The bull case for Newmont Mining

If I had to choose one gold miner, Newmont Mining would be it. I find the company relatively attractive as compared to Barrick Gold Corp. (ABX, Financial).Â

Newmont Mining has made strong progress in improving its balance sheet fundamentals over the last several years. From net debt of $4.8 billion in fiscal 2013, the company’s net debt has declined to $1.7 billion in first-quarter 2017. A net debt to adjusted EBITDA ratio of 0.7 implies a comfortable leverage position and strong financial flexibility to pursue growth in core assets.

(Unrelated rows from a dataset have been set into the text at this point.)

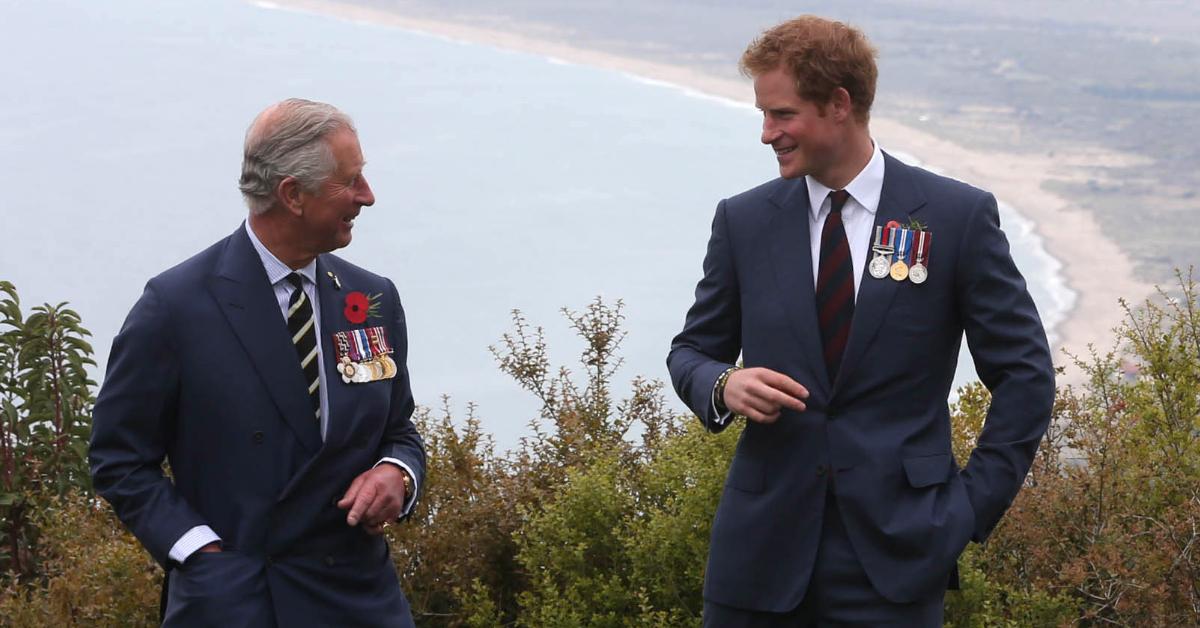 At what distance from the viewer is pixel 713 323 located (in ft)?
11.5

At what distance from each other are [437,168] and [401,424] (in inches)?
213

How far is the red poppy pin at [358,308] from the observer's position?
11.1ft

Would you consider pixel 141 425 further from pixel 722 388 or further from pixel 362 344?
pixel 722 388

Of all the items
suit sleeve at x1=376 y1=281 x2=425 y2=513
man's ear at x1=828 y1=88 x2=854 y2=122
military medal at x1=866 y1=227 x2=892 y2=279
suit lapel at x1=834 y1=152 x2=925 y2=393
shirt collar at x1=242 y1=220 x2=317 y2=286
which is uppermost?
man's ear at x1=828 y1=88 x2=854 y2=122

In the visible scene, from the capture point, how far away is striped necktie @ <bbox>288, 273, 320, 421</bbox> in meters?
3.27

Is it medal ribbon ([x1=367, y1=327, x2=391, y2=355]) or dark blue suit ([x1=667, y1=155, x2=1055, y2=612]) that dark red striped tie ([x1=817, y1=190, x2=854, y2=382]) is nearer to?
dark blue suit ([x1=667, y1=155, x2=1055, y2=612])

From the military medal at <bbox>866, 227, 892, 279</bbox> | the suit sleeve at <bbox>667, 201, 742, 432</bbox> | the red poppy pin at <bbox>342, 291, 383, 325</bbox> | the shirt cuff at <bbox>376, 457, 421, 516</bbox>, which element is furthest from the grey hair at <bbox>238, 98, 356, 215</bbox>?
the military medal at <bbox>866, 227, 892, 279</bbox>

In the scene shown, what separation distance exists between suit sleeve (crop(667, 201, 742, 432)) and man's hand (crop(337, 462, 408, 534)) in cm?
66

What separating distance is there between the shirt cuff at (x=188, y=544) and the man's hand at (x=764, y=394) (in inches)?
44.3

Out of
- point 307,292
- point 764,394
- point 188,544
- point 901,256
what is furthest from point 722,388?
point 188,544

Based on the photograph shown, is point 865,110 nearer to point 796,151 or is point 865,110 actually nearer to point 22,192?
point 796,151

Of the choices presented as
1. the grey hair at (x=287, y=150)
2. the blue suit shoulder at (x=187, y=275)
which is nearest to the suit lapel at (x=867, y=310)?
the grey hair at (x=287, y=150)

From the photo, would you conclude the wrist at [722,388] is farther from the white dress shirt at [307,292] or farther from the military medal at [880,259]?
the white dress shirt at [307,292]

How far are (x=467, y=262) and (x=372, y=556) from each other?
414cm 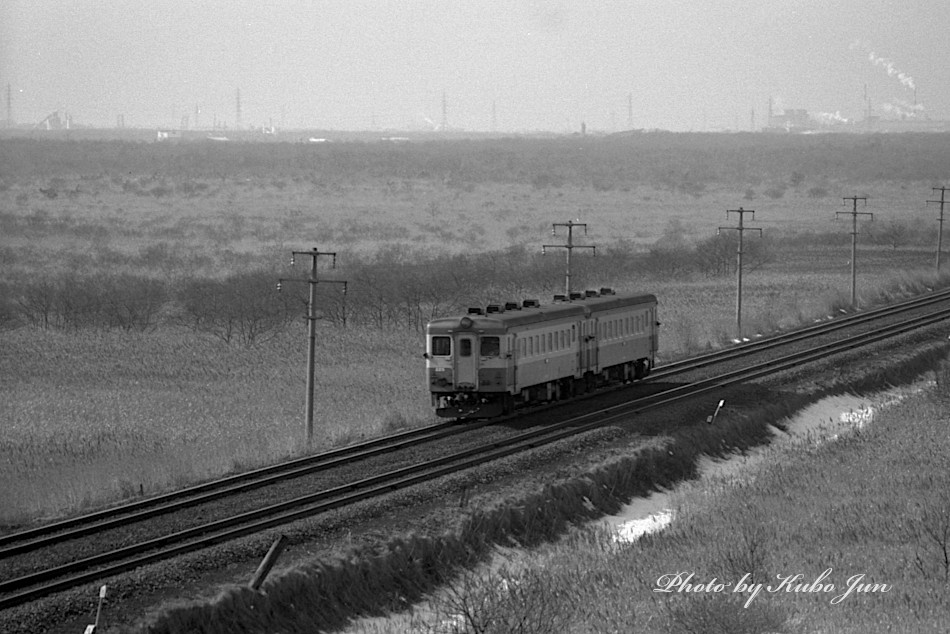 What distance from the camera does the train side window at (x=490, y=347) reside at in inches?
1154

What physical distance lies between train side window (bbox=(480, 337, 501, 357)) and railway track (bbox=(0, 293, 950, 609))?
166cm

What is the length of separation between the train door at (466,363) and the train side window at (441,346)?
0.82ft

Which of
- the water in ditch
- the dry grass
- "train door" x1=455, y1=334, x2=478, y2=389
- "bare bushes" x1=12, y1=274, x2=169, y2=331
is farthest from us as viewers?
"bare bushes" x1=12, y1=274, x2=169, y2=331

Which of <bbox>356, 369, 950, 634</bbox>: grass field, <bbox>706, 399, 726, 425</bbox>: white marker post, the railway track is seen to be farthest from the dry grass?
<bbox>356, 369, 950, 634</bbox>: grass field

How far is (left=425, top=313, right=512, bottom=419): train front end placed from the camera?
29.4 metres

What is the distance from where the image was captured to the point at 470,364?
29500mm

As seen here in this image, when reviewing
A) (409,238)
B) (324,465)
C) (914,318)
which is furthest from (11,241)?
(324,465)

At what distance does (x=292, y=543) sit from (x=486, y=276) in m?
46.9

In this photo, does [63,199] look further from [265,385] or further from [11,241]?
[265,385]

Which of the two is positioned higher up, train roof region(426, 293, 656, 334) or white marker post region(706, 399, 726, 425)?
train roof region(426, 293, 656, 334)

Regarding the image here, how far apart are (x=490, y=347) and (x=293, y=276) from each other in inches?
1463

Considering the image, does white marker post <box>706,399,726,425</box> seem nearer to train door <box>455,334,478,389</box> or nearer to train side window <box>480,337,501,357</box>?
train side window <box>480,337,501,357</box>

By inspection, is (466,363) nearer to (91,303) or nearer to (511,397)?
(511,397)

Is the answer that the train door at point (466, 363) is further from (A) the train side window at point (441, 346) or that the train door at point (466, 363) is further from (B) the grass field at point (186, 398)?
(B) the grass field at point (186, 398) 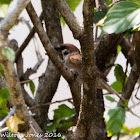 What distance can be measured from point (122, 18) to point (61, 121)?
111 centimetres

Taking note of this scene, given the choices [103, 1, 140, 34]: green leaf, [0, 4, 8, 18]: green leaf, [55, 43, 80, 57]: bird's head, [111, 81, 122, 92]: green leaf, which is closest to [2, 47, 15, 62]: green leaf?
[0, 4, 8, 18]: green leaf

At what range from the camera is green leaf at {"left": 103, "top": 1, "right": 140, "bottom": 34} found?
4.49 feet

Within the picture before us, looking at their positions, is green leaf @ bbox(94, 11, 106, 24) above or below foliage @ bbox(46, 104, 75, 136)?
above

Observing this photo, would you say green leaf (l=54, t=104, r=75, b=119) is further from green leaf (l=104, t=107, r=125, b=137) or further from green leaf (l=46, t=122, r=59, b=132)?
green leaf (l=104, t=107, r=125, b=137)

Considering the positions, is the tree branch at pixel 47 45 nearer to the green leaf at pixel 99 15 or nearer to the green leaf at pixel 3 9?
the green leaf at pixel 99 15

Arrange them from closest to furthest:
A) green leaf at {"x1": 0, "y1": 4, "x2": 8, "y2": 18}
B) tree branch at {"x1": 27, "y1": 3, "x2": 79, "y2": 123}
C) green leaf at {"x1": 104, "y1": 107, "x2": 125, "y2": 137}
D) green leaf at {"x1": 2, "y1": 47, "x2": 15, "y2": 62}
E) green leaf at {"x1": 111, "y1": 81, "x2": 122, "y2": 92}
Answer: green leaf at {"x1": 2, "y1": 47, "x2": 15, "y2": 62}
green leaf at {"x1": 0, "y1": 4, "x2": 8, "y2": 18}
green leaf at {"x1": 104, "y1": 107, "x2": 125, "y2": 137}
tree branch at {"x1": 27, "y1": 3, "x2": 79, "y2": 123}
green leaf at {"x1": 111, "y1": 81, "x2": 122, "y2": 92}

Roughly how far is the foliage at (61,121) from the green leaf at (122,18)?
0.96m

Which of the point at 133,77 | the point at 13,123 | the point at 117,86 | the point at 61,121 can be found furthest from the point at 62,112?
the point at 13,123

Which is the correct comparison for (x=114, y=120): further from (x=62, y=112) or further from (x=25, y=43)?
(x=25, y=43)

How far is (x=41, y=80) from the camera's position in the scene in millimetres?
2586

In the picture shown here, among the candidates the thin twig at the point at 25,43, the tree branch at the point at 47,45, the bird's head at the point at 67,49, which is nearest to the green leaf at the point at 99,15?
the tree branch at the point at 47,45

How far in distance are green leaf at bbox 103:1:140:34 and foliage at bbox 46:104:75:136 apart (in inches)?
37.7

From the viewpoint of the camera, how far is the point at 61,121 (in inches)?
91.6

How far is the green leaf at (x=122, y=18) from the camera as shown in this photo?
1.37 meters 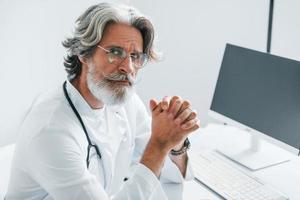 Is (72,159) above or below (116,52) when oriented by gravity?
below

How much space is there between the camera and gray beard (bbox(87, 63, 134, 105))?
1.22m

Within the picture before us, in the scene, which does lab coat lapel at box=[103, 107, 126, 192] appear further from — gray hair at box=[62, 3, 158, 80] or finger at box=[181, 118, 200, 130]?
finger at box=[181, 118, 200, 130]

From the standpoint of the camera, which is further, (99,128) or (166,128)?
(99,128)

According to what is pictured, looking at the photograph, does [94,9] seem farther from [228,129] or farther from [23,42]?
[228,129]

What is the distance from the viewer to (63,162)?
106 centimetres

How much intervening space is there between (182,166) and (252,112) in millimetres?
398

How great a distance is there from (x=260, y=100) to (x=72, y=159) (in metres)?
0.82

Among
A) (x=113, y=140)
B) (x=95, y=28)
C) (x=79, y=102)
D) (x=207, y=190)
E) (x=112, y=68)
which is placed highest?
(x=95, y=28)

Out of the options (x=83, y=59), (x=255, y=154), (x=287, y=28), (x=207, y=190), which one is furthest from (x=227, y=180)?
(x=287, y=28)

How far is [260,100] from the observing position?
1.53 m

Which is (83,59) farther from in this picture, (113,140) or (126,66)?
(113,140)

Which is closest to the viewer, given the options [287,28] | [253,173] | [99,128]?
[99,128]

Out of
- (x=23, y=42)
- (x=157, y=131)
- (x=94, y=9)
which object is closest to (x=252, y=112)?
(x=157, y=131)

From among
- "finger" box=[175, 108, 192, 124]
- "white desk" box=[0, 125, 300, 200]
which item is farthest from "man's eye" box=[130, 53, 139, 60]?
"white desk" box=[0, 125, 300, 200]
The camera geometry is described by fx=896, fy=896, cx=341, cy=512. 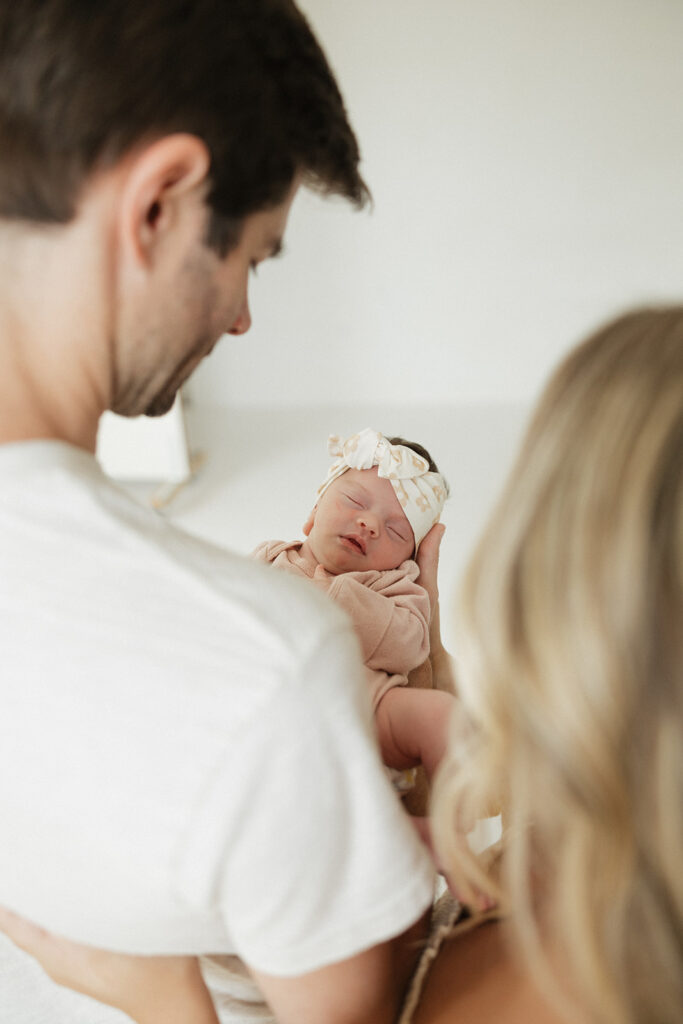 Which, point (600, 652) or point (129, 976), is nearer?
point (600, 652)

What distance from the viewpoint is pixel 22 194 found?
63cm

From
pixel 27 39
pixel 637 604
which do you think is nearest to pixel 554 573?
pixel 637 604

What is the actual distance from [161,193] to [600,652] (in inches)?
17.1

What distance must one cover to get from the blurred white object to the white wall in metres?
1.00

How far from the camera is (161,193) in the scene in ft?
2.09

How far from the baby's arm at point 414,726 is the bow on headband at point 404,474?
0.50m

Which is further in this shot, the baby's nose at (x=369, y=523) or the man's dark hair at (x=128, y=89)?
the baby's nose at (x=369, y=523)

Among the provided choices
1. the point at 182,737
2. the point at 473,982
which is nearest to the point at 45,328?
the point at 182,737

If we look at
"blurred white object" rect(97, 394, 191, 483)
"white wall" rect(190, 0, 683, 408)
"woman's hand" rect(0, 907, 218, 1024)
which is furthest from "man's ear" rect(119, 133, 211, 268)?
"white wall" rect(190, 0, 683, 408)

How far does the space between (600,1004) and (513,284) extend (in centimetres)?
374

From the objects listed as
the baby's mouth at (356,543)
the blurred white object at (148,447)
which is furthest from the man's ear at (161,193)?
the blurred white object at (148,447)

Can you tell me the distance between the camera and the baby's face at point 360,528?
1544 mm

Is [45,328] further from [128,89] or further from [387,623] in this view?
[387,623]

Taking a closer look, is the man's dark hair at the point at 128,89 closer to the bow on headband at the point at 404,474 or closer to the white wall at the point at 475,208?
the bow on headband at the point at 404,474
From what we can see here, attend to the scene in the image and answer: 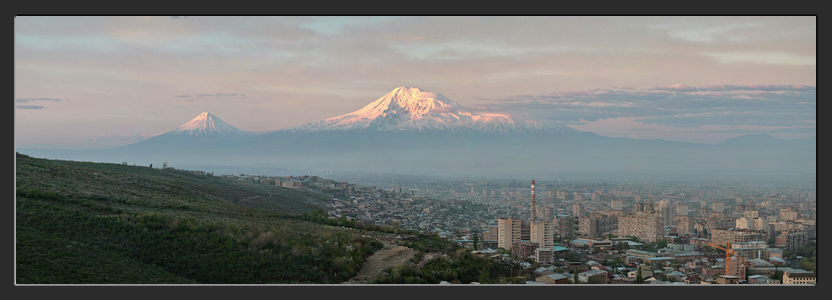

Even as gold remained range bound in the first quarter, the company reported operating cash flow of $373 million and free cash flow of $199 million. With an attractive all-in sustaining cost (AISC), the company is likely to remain free cash flow positive throughout the year even as gold remains in the range of $1,200 to $1,250 an ounce. This will further strengthen the company’s balance sheet.

For fiscal 2017, the company’s AISC is likely to range between $940 and $1,000 an ounce. The company’s first-quarter AISC, however, was below guidance at $900 an ounce. At the same time, Newmont Mining is on track to report mid-single-digit growth in gold production in 2017 as compared to 2016. These metrics will ensure decent numbers for the year and take the stock higher.

Newmont has strong prospects from its assets in Africa beginning in 2019. I believe this factor will be discounted in the stock price in the next 12 to 18 months. As the chart below shows, gold production is likely to surge from Ahafo in fiscal 2019 and the AISC is likely to be attractive in the zone of $680 to $780 an ounce.

768667017.jpg

In addition to Ahafo, Subika Underground will see its first production in the second half of this year and commercial production in second-half 2018. As these assets begin producing, the company’s cash flows will swell. The Subika Underground mine has the potential to produce 1.8 million ounces of gold over an 11-year mine life.

Conclusion

Newmont Mining has sold non-core assets over the last several years. With a liquidity buffer of $5.8 billion, the company is well positioned to invest in core assets that can translate into production upside and swelling cash flows in the next two to three years.

While gold has remained largely sideways over the last few months, I remain bullish on its long-term outlook. Investors should use this sideways movement as an opportunity to accumulate quality gold miners.

Newmont Mining appears attractive with an AISC below $1,000 an ounce and assets that will deliver gold production at well below that figure in the near future.

Disclosure: No positions in the stocks discussed.